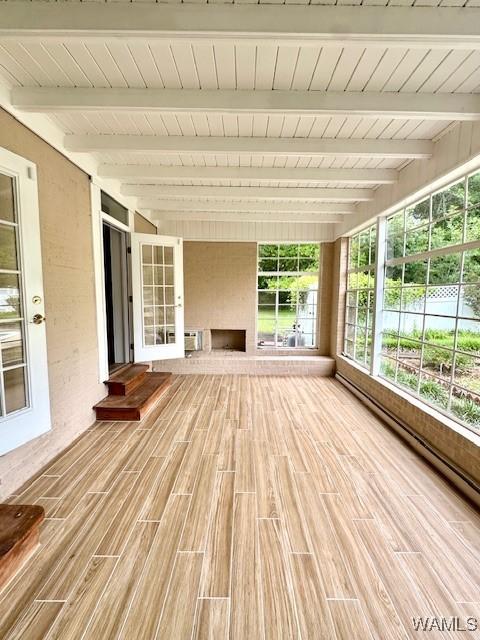 215 E Coats Ave, Linden, AL 36748 - photo 22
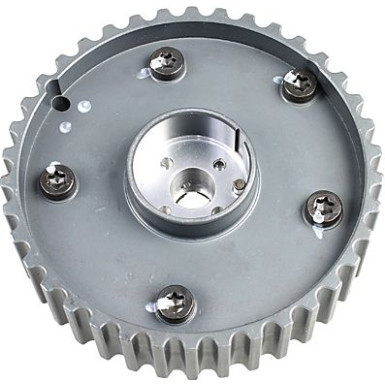 Metzger Nockenwellenversteller Hydraulisch 2410060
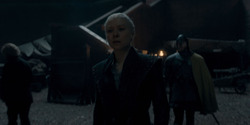 HouseOfTheDragon_3x03-RhaenyraTriumphant_4901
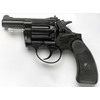 Pistola lanciarazzi M.A.M. modello Special corta (2885)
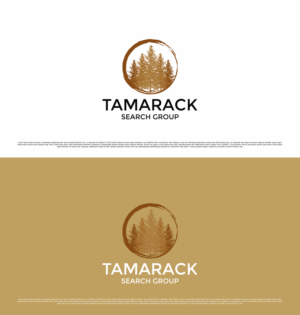Logo Design by T I K H E - L M W for this project | Design: #24490130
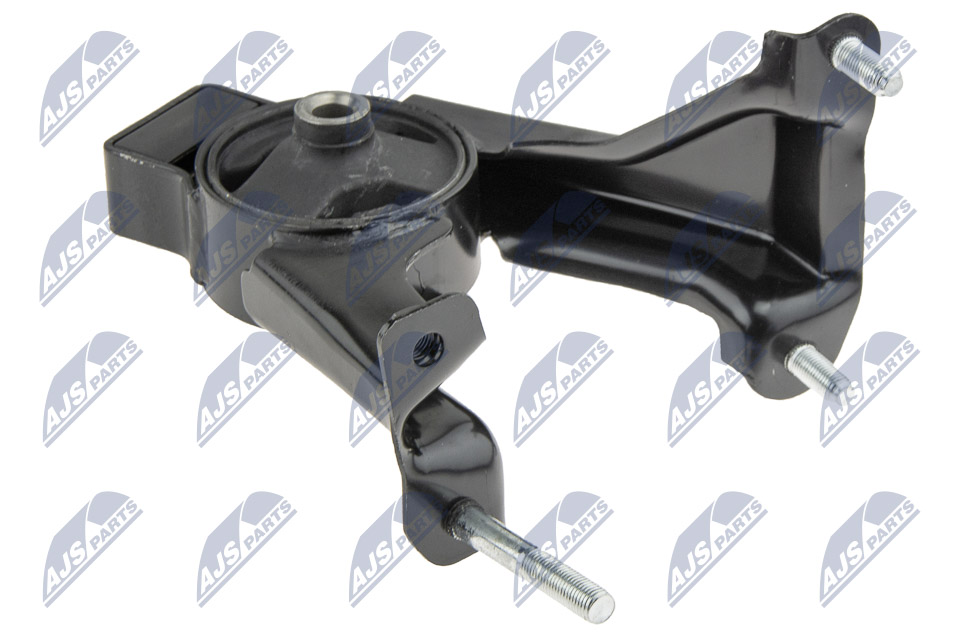 Engine Mounting - ZPS-TY-105 NTY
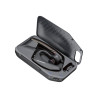 HP POLY VOYAGER OFFICE 5200 OTE WIRELESS MS MONO HEADSET W/2 WAY BASE,PC/DSKPHONE/PHONE, U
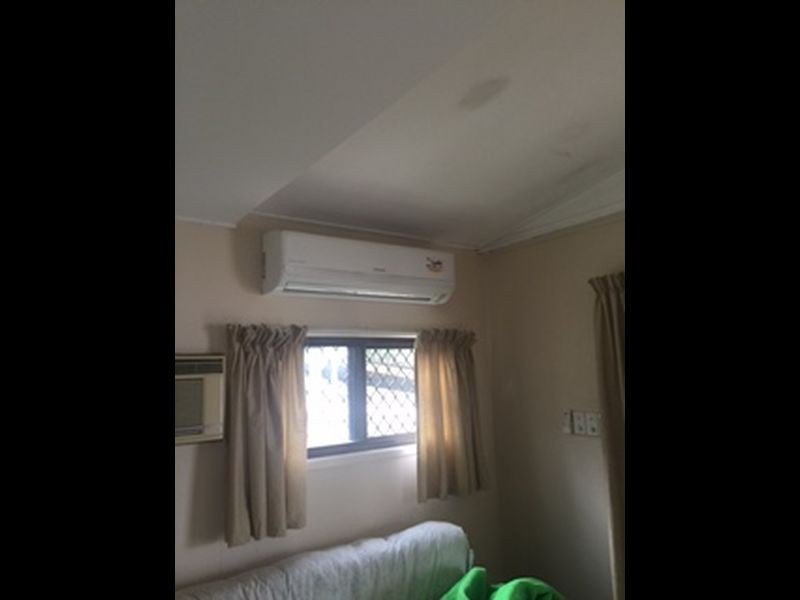 39 The Boulevard, Russell Island QLD 4184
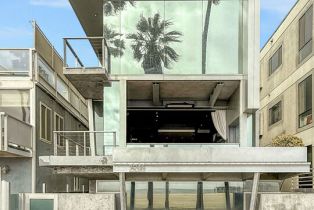 , 2911 Ocean Front walk, Venice, CA 90291 - 52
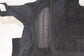 15-16 Volvo S60 T5 Premier Front Driver Left Side Floor Interior Covering Carpet - Alshned Auto Parts
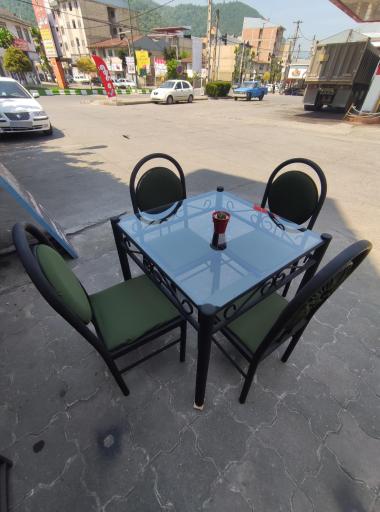 عکس سوپرمارکت فرندز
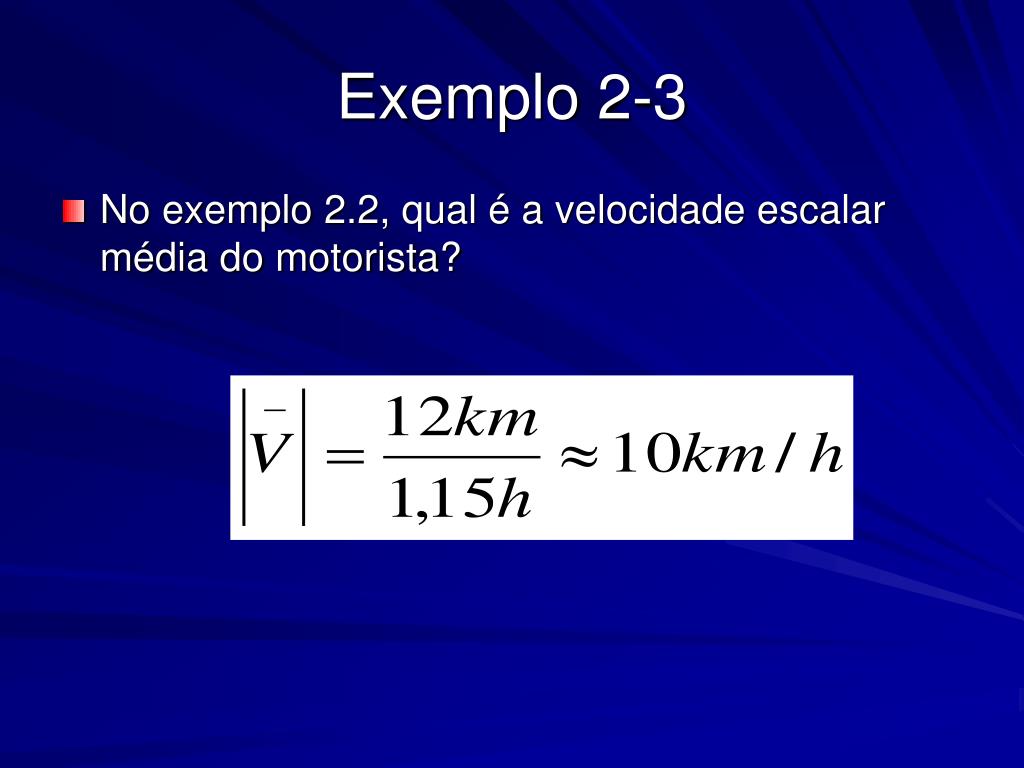 PPT - Prof. Dr. Armando Cirilo de Souza Curso : Física / UEMS-DF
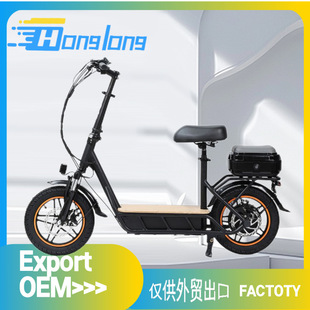 14Ӣ����Ã����ۯB������늄ӻ���܇���Q����̤��܇�L�m���Ħ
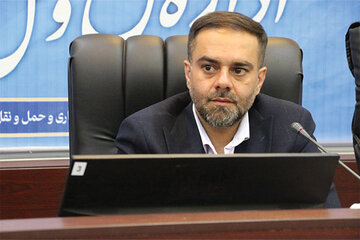 مطالبات رانندگان باری استان فارس محقق می‌شود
========================================================================
How to complete this task: With the pictures omitted, copy the entries above exactly from the line containing "Pistola lanciarazzi M.A.M." through the line containing "HP POLY VOYAGER", both lines included.

Written response:
 Pistola lanciarazzi M.A.M. modello Special corta (2885)
Logo Design by T I K H E - L M W for this project | Design: #24490130
 Engine Mounting - ZPS-TY-105 NTY
 HP POLY VOYAGER OFFICE 5200 OTE WIRELESS MS MONO HEADSET W/2 WAY BASE,PC/DSKPHONE/PHONE, U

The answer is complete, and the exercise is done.